The Fifty States of Nate

Dear readers,

Today’s post deals with psephology, the study of elections, and more specifically, the application of mathematics and statistics to it. This field has gained notoriety over the past few years in the United States, largely thanks to the spectacularly successful (and often attacked) predictions by Nate Silver in his blog. While I am not a psephology expert by any means, I understand enough about Nate Silver’s models, and mathematical models in general, to hopefully provide you with an interesting perspective.

The first point I want to make is that, although Nate Silver did predict the outcome of the 2012 United States elections correctly in all 50 states, this in itself is neither his most significant achievement nor an extremely impressive one. His most significant achievement is to highlight the principled application of mathematics and statistics to an area that has up to now been subject to large amounts of human bias. In this, he is far from being alone; however, thanks to his blog’s association with the New York Times, he is the most visible. I give him credit for drawing attention to the power of mathematics and statistics.

Nate Silver is also far from providing the most accurate predictions of the outcome of the last elections. In a detailed analysis, the Center for Applied Rationality actually shows that predictions made by Drew Linzer and Sam Wang were somewhat more accurate when not only the prediction, but also the fraction voting for each party, are taken into account. As for whether predicting 50 outcomes correctly is in fact impressive, consider that there was considerable uncertainty in only 9 of the 50 states. This means that even a completely random prediction made by 9 coin flips had a roughly 0.2% chance of being perfect. Of course, this probability goes up tremendously if good data is available from election polls.

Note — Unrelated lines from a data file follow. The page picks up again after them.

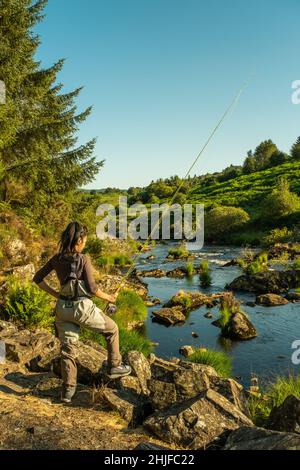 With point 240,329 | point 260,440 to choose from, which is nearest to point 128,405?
point 260,440

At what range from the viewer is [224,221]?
56.9 meters

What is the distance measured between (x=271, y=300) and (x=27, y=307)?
43.1 ft

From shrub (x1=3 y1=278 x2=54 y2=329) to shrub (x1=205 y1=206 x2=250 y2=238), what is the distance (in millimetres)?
47250

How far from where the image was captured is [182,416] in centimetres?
501

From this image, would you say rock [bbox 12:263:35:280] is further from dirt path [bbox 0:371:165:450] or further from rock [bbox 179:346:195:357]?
dirt path [bbox 0:371:165:450]

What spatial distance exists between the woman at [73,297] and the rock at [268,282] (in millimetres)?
17559

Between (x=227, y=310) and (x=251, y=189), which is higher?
(x=251, y=189)

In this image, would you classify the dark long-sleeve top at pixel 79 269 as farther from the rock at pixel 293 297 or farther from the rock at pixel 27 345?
the rock at pixel 293 297

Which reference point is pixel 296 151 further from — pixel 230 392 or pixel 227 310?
pixel 230 392

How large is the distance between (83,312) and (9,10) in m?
16.1

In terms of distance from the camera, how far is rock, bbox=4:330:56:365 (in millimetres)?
7809

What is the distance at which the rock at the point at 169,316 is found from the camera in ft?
54.0

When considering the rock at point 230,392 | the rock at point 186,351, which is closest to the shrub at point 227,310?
the rock at point 186,351

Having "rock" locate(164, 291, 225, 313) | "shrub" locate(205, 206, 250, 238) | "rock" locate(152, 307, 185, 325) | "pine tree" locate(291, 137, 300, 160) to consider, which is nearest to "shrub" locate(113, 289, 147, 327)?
"rock" locate(152, 307, 185, 325)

Furthermore, while mathematical models are great for bringing together data from different sources (in Nate’s case, poll data, as well as some understanding of how voter preferences change over time), they are also vulnerable to the biases of this input data. In particular, if the data sources themselves are noisy or inaccurate, even a good mathematical model may go astray. This phenomenon, known as garbage in, garbage out, was partly responsible for Nate Silver’s rather poor prediction of the outcome of the 2010 UK elections. Indeed, poll data in the UK is not disaggregated by region as it is in the US, so that more uncertainty about the regional variation was necessarily present which appears to have thrown Nate off.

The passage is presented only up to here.